İslam %100'lük bir gelir eşitliğini desteklemez. Miras kavramı bile adının Komünizm'in yanında yer almaması için başlı başlına bir sebeptir. Kadın konusuna değinmek bile istemiyorum. Komünizm kadına tüm diğer ırk ve cinsiyetler konusunda takındığı tutumu sürdürmüştür. Eleştirdiğim tek bir konu var ki, eşcinselliği bir tür hastalık, toplumun ahlakını bozan bir yönelim olarak görüyor olmalarıdır. Ki, günümüz Komünist ülkeleri bu yanlıştan kurtulmuş vaziyette.
İslam bir ceza kurumu gibi çalışır. Asar, keser durur. Ahlak bekçiliği yapar. Öyle farklılıklarımız zenginliğimizdir mantığıyla hareket etmez. İslam günümüz sorunlarıyla baş edemeyecek durumdadır. Yüzlerce farklı yöne çekilen ayetleri vardır. Hadisler ise en radikal islamcısını bile dinsiz eder.
Müşrik kadınla evlenmeme, ondan daha iyi olduğuna inanılan cariye, mümin bir köle ondan daha iyidir sözleri...
Köle azat etmekten bahsettiği gibi sonrasında da kölelerinizden ve cariyelerinizden iyi davranışla olanları evlendirin vb gibi sözlerde sarf eder.

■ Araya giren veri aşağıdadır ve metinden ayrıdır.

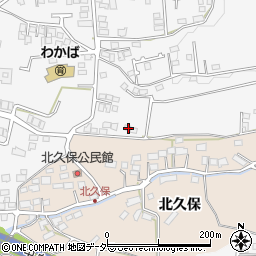長野県茅野市宮川10932周辺の地図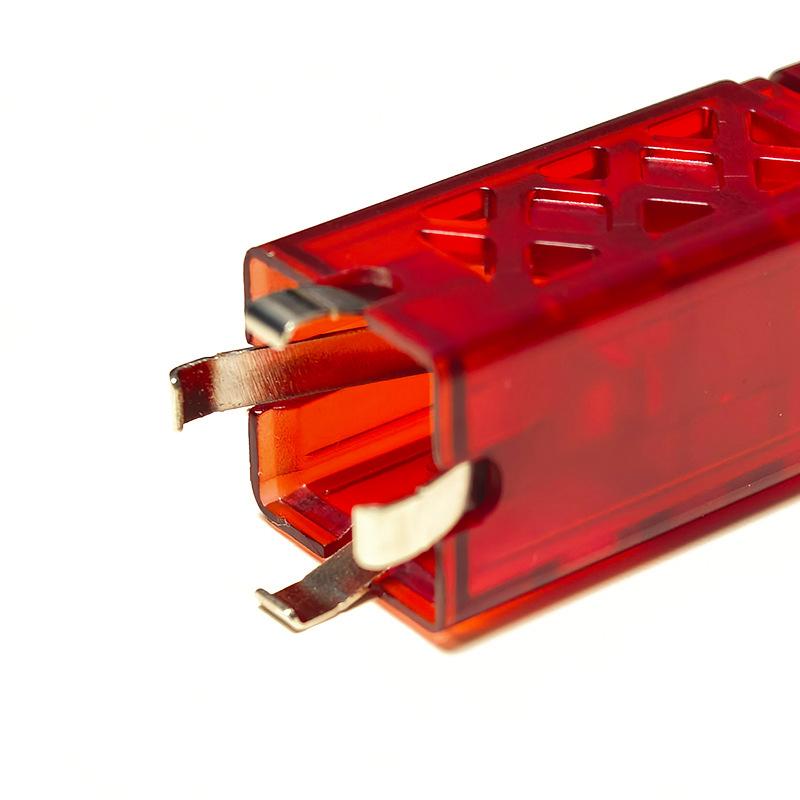 1Pc Mechanical Keyboard Shaft Puller And Key Puller 2 In 1 Mechanical Keyboard Hot Swappable Keycap Shaft Body Disassembly Tool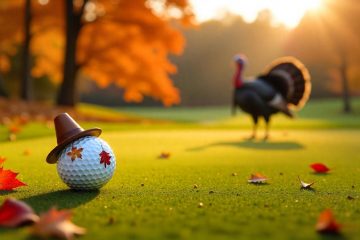 Thanksgiving Golf - Golf Course Intel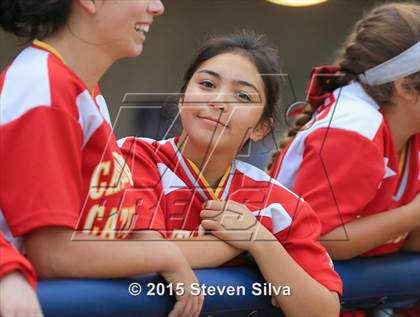 Thumbnail 1 in Cathedral Catholic vs. Poway (CIF SDS Open Division Final) photogallery.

Yok ZeyMurEl, bana hiç uygun değil.
Uzun zamandır İslam ile ilgili düşünmüyordumi şimdi yazarken bir kez daha içimde bir şeyler alevlendi.
Sen destekleyebilirsin.
Fakat Komünizm ile kıyaslamak yapacağın en büyük hata olur.
Şu dünyada yoktur ki bir kişide seni desteklesin.
Cidden şaşırtıcı bir analizdi seninkisi.
Bir an ne demeye çalıştığını anlayamadım.
 
Sistem ortadayken, herhangi bir düzelme yokken, kendi imkanları ortadayken bir ailenin 5 çocuk sahibi olmasını ben, şu koşullarda, hak göremiyorum. Bugünün koşulları için diyorum. Yarın herkes 10 tane çocuk doğursa bile çocukların mağdur olmayacağı bir sistem gelir, o zaman tamam. Ama bugün için, bugün aç olan çocuklar için konuştuğumuz "sistem kötü : (" lafları o çocukları realitesini değiştirmiyor.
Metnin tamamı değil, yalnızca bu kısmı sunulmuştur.